Which lines below fall between the one containing "Legislator Berbaju Biru" and the one containing "Photo of property"? Repeat them exactly, counting both of those lines, and add nothing else.
****
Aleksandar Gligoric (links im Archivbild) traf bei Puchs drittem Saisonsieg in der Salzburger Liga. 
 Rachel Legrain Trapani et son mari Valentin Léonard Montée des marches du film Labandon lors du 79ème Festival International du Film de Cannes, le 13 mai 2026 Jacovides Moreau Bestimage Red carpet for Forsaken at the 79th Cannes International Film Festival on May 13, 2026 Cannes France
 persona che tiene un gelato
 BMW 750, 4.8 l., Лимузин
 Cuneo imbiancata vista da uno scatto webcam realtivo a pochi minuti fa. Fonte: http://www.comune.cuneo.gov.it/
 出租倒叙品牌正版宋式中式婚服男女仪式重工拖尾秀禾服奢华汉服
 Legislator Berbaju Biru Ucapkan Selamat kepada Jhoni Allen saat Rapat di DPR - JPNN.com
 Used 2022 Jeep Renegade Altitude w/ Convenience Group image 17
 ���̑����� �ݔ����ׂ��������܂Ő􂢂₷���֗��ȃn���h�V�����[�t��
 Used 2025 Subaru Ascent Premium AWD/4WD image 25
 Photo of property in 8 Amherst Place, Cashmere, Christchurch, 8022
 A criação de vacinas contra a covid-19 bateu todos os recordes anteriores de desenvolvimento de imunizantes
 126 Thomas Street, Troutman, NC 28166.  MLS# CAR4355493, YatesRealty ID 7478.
****
**Worked solution:**
 Legislator Berbaju Biru Ucapkan Selamat kepada Jhoni Allen saat Rapat di DPR - JPNN.com
 Used 2022 Jeep Renegade Altitude w/ Convenience Group image 17
 ���̑����� �ݔ����ׂ��������܂Ő􂢂₷���֗��ȃn���h�V�����[�t��
 Used 2025 Subaru Ascent Premium AWD/4WD image 25
 Photo of property in 8 Amherst Place, Cashmere, Christchurch, 8022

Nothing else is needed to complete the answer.